▶ EXERCISE DETAILS: Below are the records; repeat exactly their lines between the line holding "Janie Collar Short Sleeve Top and Shorts Set" and the line holding "NE11 9NH map - OS OpenMap – Local (Ordnance Survey) NE11", inclusive, skipping the pictures.

━━━ EXTRACTED INFORMATION ━━━

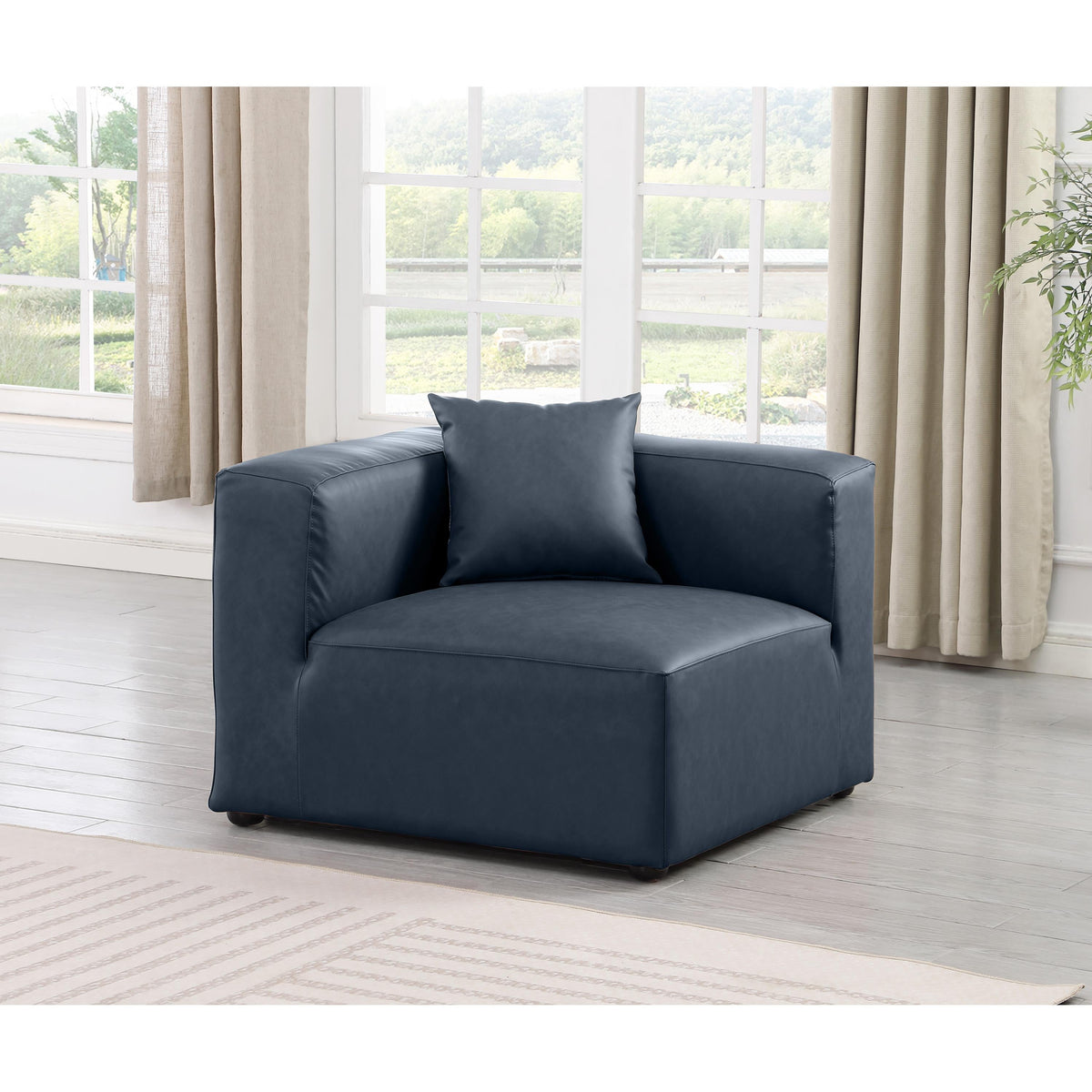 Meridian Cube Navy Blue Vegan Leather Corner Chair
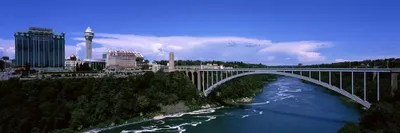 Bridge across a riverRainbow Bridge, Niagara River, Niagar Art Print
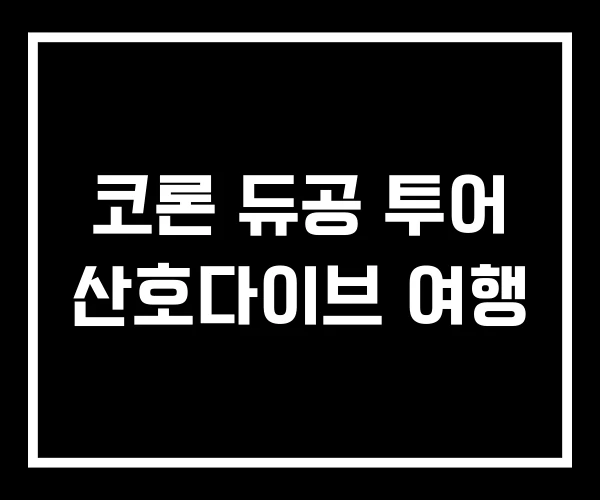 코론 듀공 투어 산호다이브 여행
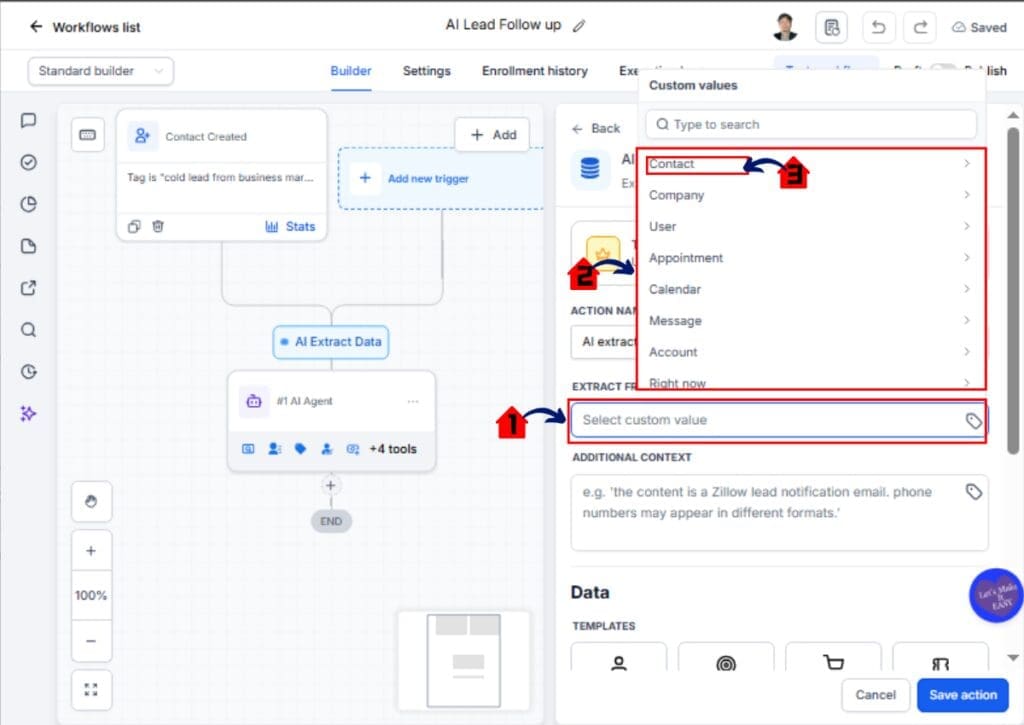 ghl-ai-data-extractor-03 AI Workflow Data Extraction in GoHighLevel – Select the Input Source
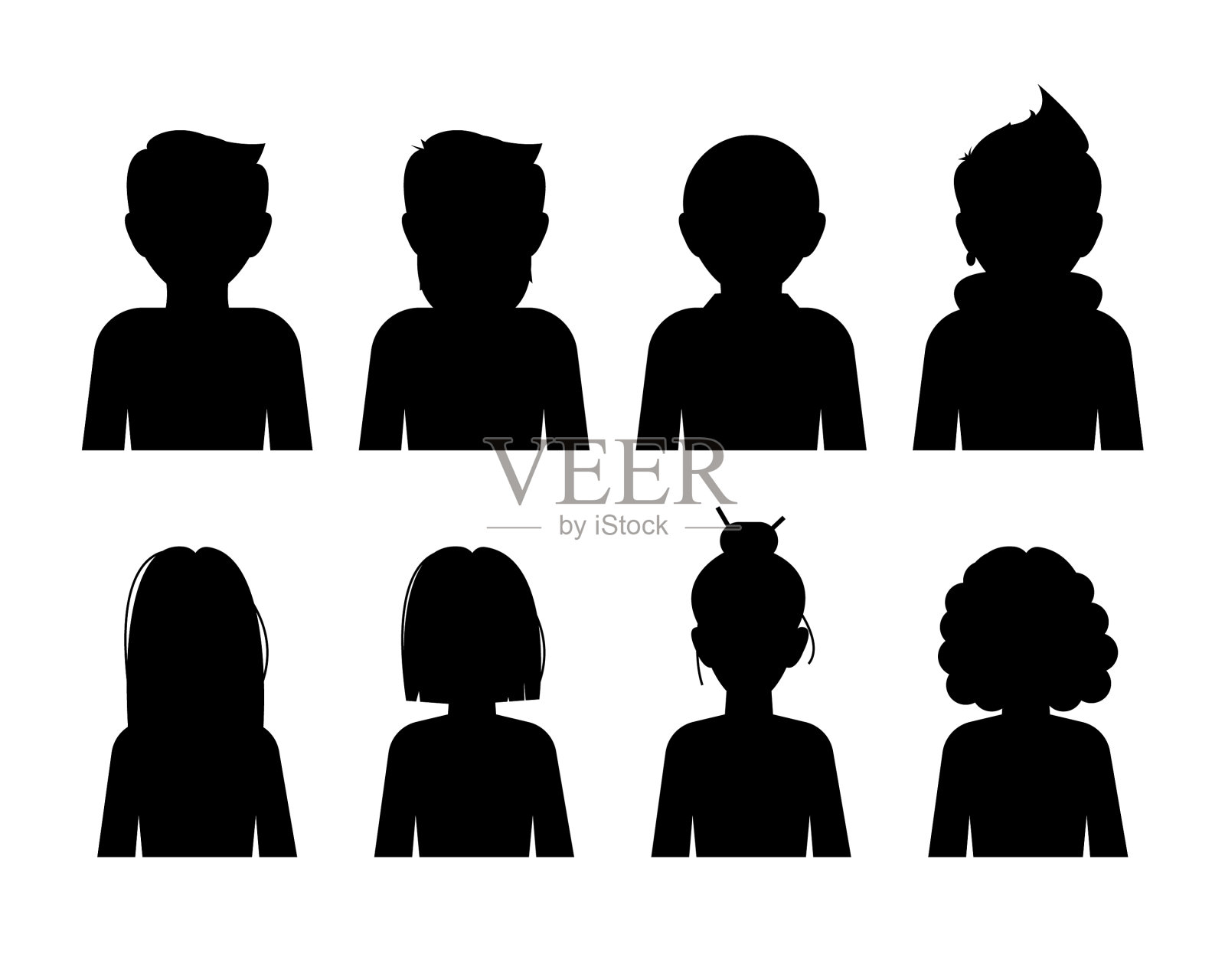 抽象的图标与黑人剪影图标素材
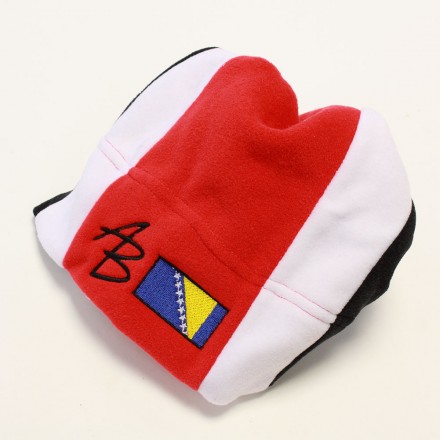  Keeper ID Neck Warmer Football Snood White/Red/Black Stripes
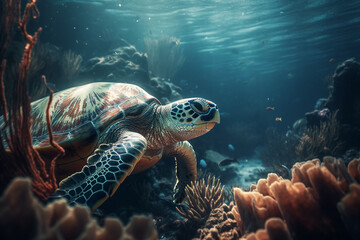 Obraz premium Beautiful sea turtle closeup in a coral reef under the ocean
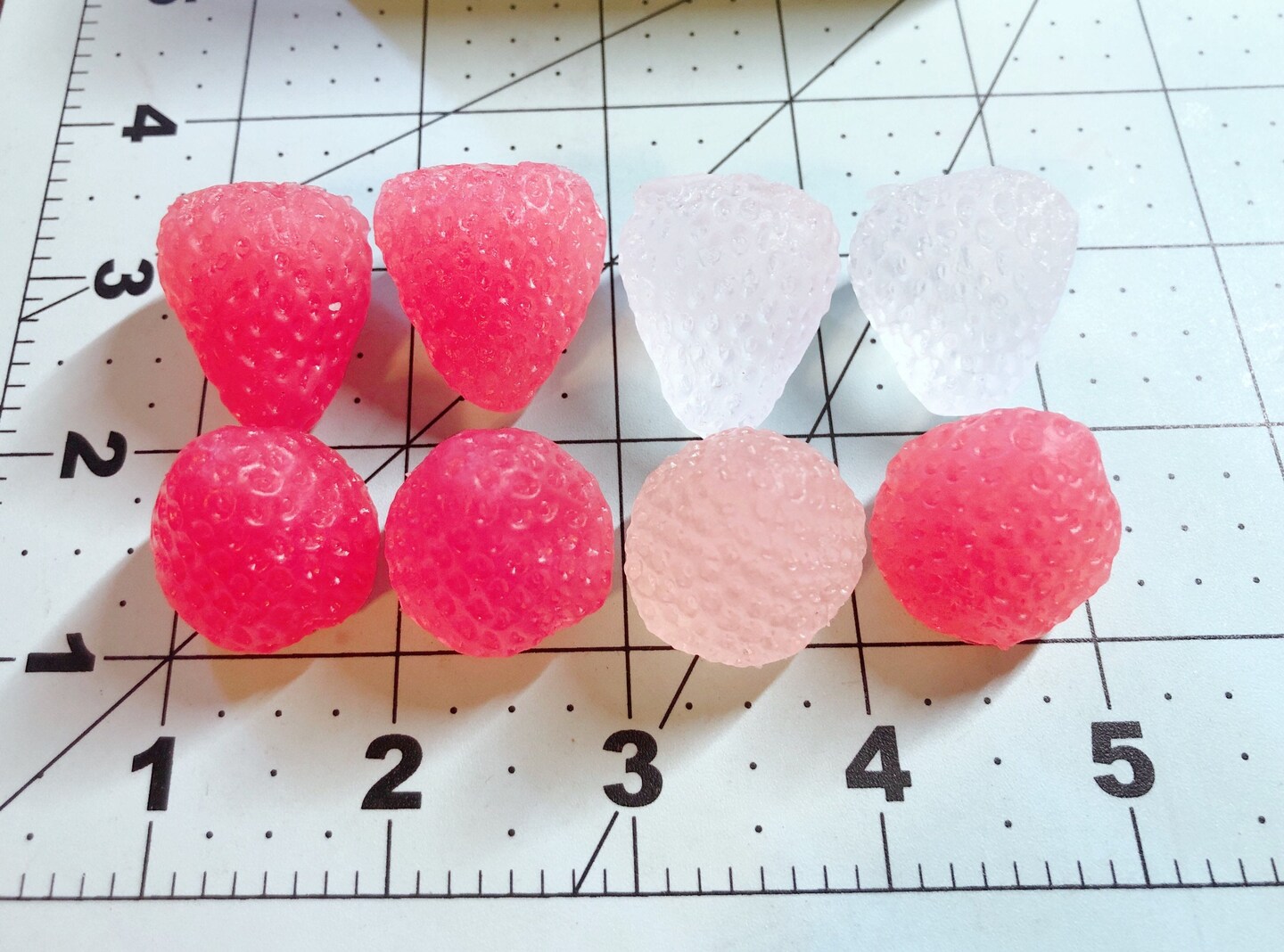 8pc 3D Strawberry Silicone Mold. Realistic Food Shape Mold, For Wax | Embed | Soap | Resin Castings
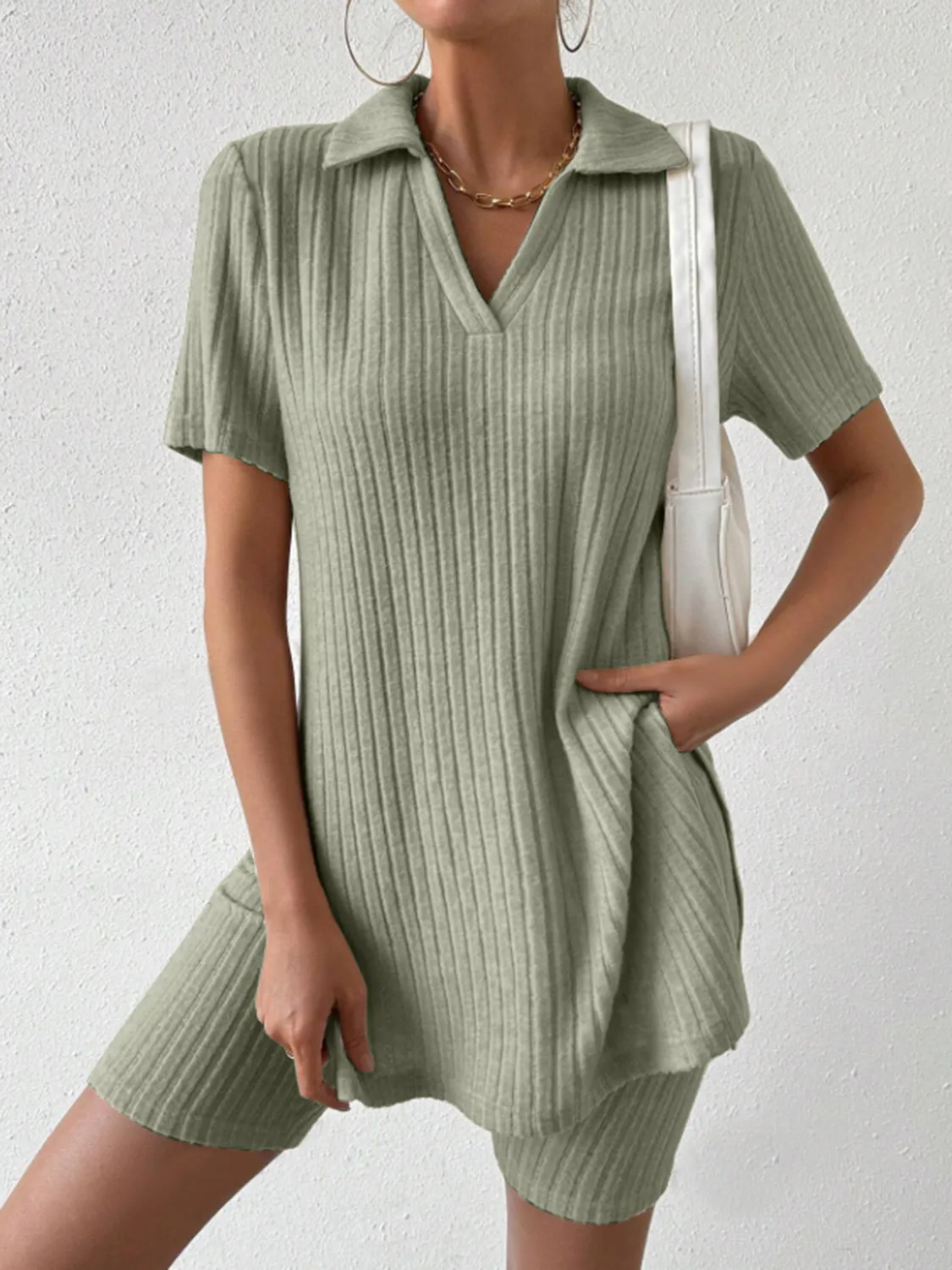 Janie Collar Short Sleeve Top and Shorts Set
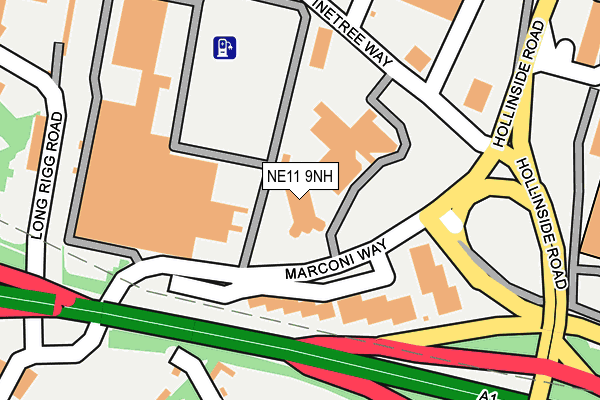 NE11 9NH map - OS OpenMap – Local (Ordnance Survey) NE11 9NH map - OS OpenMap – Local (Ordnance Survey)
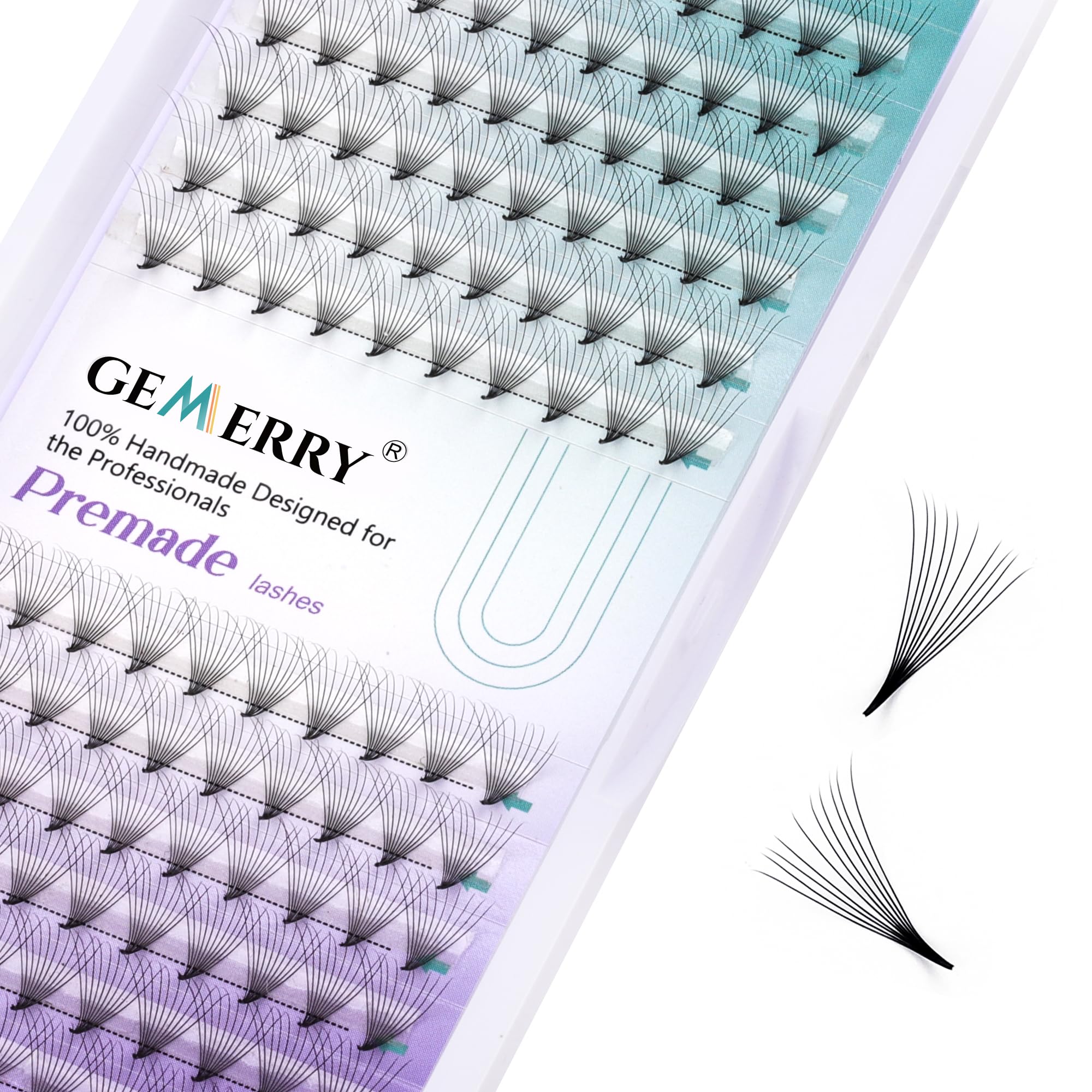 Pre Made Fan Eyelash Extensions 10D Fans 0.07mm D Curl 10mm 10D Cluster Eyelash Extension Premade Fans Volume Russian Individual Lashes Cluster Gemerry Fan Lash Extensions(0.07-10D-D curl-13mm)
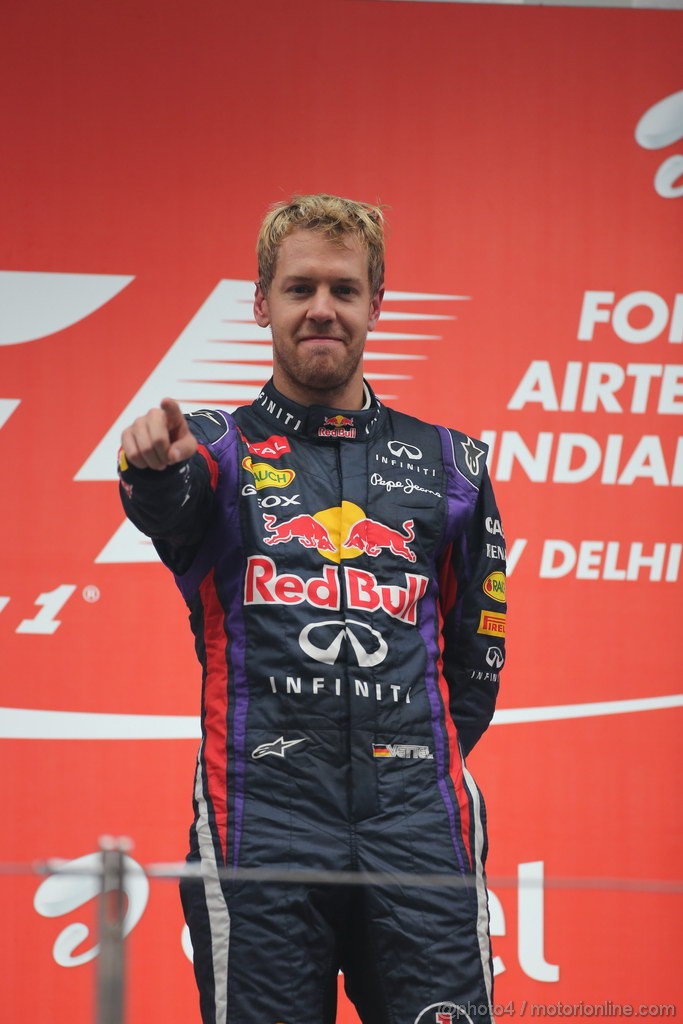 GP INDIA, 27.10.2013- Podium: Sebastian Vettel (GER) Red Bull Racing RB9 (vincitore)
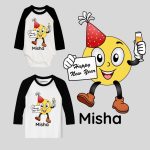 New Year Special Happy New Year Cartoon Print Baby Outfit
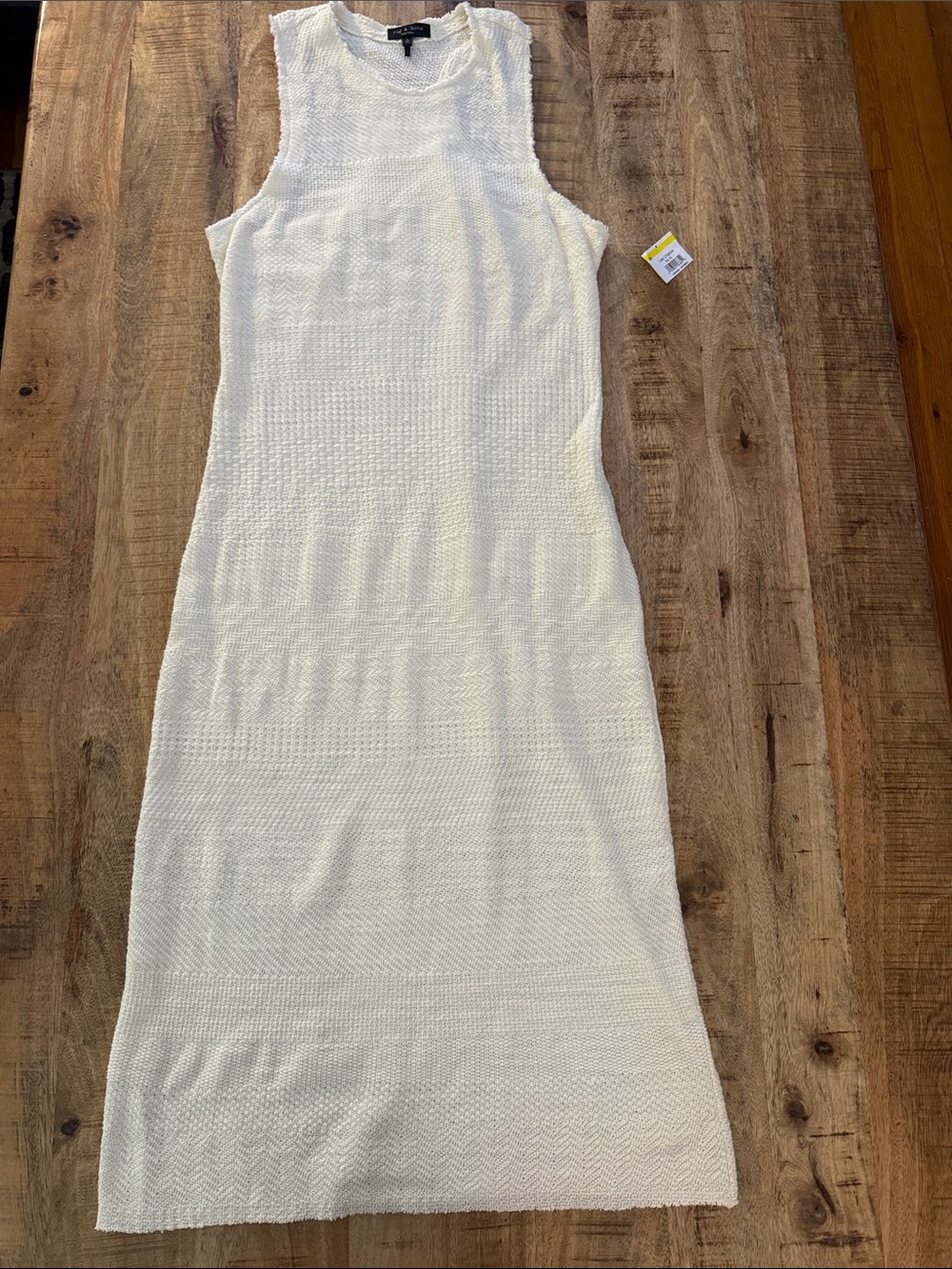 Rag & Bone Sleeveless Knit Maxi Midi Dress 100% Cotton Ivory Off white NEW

━━━

▶ RESULT OF THIS TASK:
 Janie Collar Short Sleeve Top and Shorts Set
 NE11 9NH map - OS OpenMap – Local (Ordnance Survey) NE11 9NH map - OS OpenMap – Local (Ordnance Survey)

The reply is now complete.